* Task item *
The required output is the lines from the one with "Salt_exposure_stainless_steel-249687-edited.jpg" through the end of the data, repeated verbatim, with no pictures included.

* Supplied records *
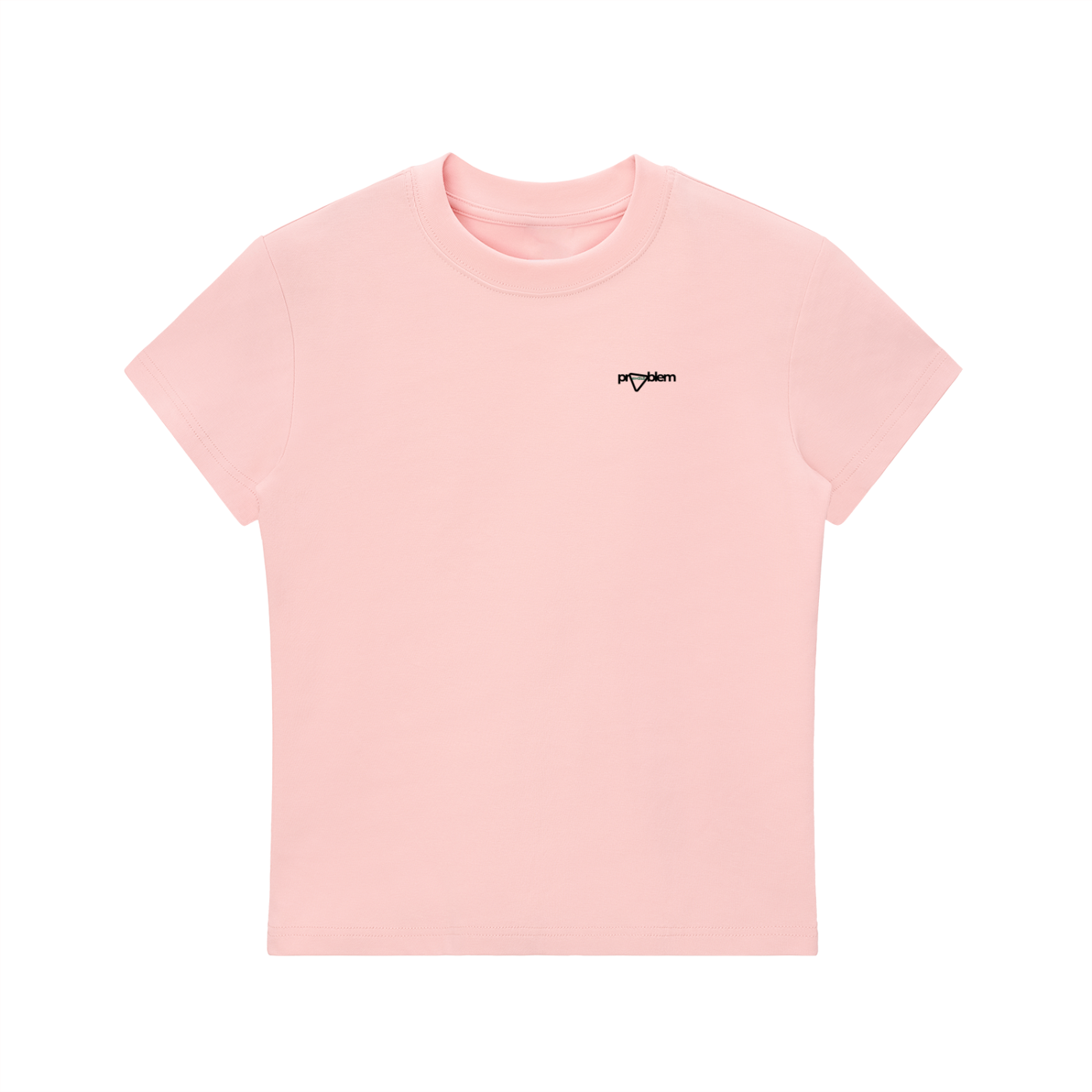 Women's Climbing Addict T-Shirt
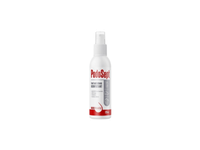 Pėdų ir batų dezinfekavimo priemonė MIDOPHARM PODOSEPT, 120 ml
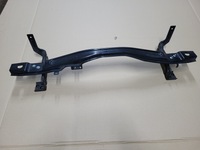 фото thumb №10, Renault alaskan кронштейн крепление ремня передней перед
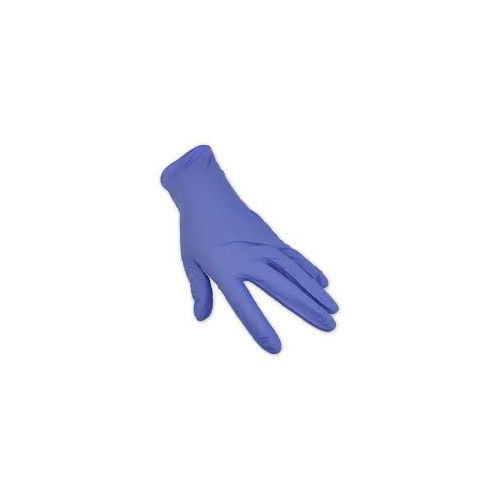 Post Mortem Gloves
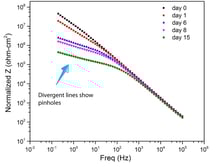Salt_exposure_stainless_steel-249687-edited.jpg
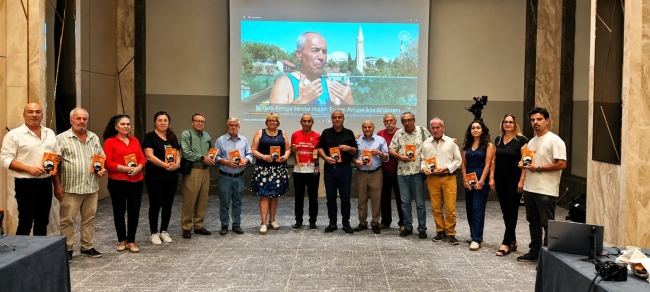 https://www.gocekgazete.com/images/files/2026/08/6a7717723c560.jpeg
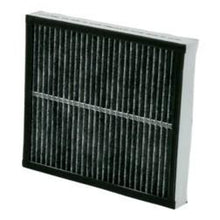 230426 NAPA Gold Air Filter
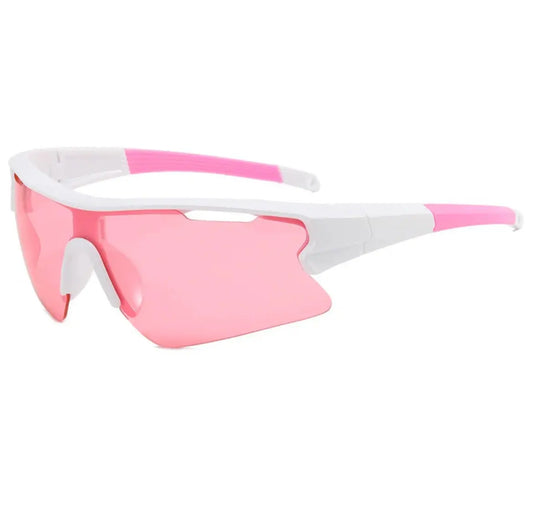 Blossom II - Blinded Wear Co.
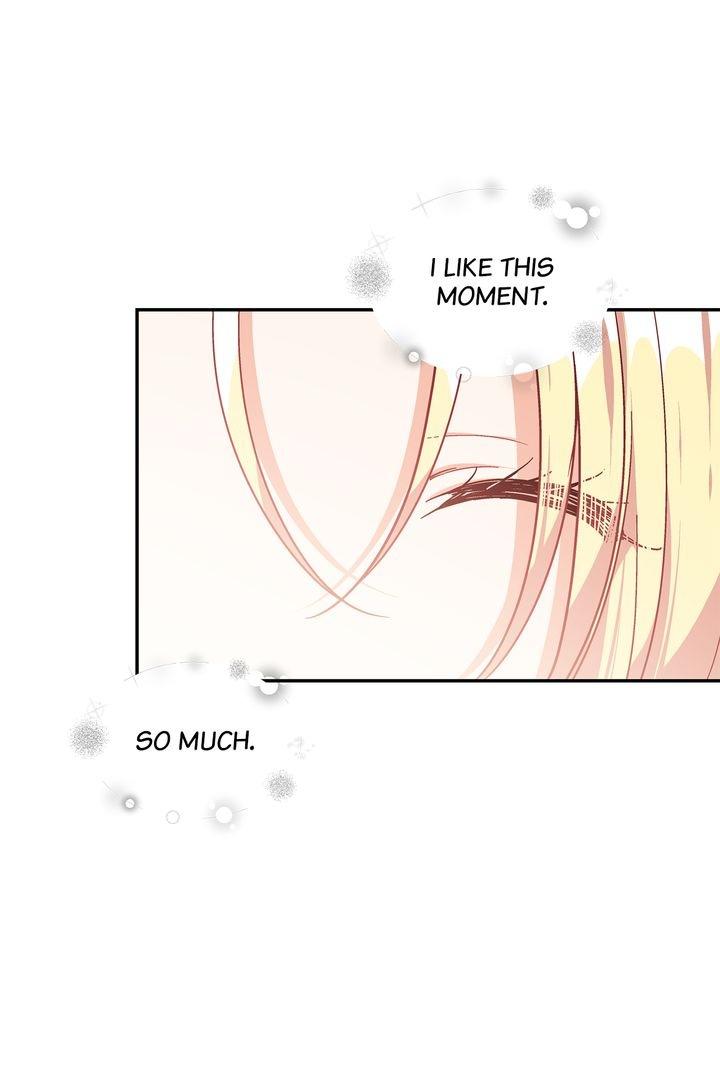 Read Doctor Elise EN Manga Online
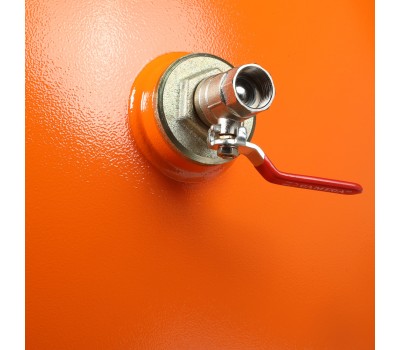 Компрессор поршневой ременной ПАТРИОТ Remeza СБ 4/Ф-500 LB 75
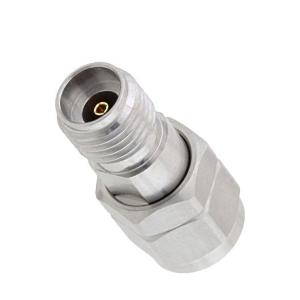 PE9665商品缩略图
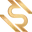 Wellshave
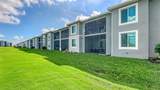 17475 Opal Sand Drive - Photo 38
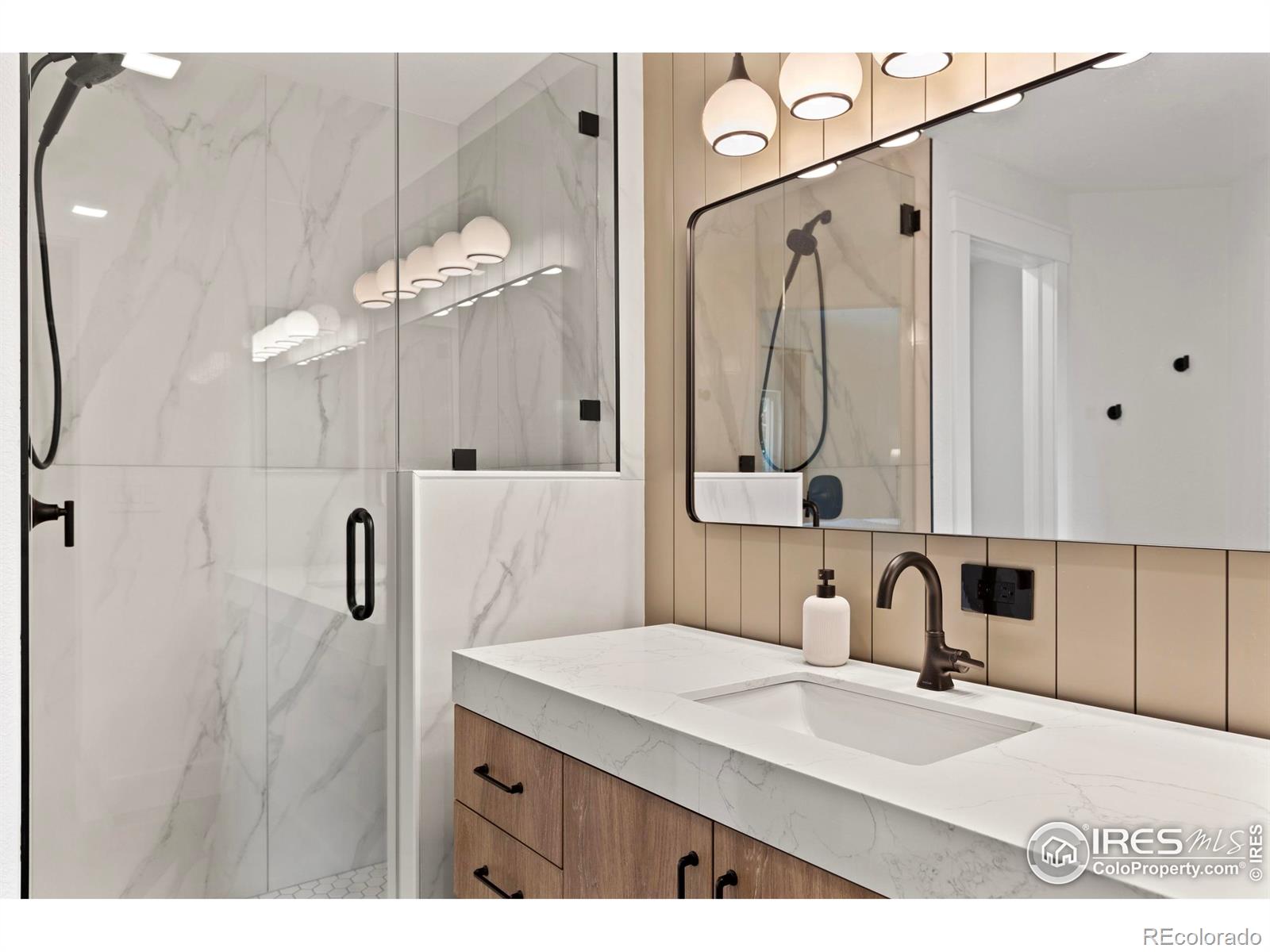MLS Image #0 for 7332  triangle drive,fort collins, Colorado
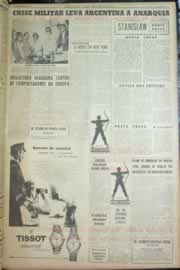 Hemeroteca - pagina correio_do_ceara_1962_08_0141.jpg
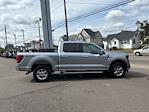 2024 Ford F-150 SuperCrew Cab 4x4 Pickup for sale #F2773 - photo 4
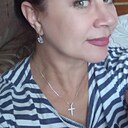 Знакомства: Татьяна, 48 лет, Канск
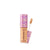 Tarte Shape Tape Ultra Creamy Concealers Mini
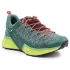 Salewa dámske topánky Ws Dropline W 61369-5585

* Answer to this problem *
Salt_exposure_stainless_steel-249687-edited.jpg
 https://www.gocekgazete.com/images/files/2026/08/6a7717723c560.jpeg
 230426 NAPA Gold Air Filter
 Blossom II - Blinded Wear Co.
 Read Doctor Elise EN Manga Online
 Компрессор поршневой ременной ПАТРИОТ Remeza СБ 4/Ф-500 LB 75
 PE9665商品缩略图
 Wellshave
 17475 Opal Sand Drive - Photo 38
MLS Image #0 for 7332  triangle drive,fort collins, Colorado
 Hemeroteca - pagina correio_do_ceara_1962_08_0141.jpg
 2024 Ford F-150 SuperCrew Cab 4x4 Pickup for sale #F2773 - photo 4
 Знакомства: Татьяна, 48 лет, Канск
 Tarte Shape Tape Ultra Creamy Concealers Mini
 Salewa dámske topánky Ws Dropline W 61369-5585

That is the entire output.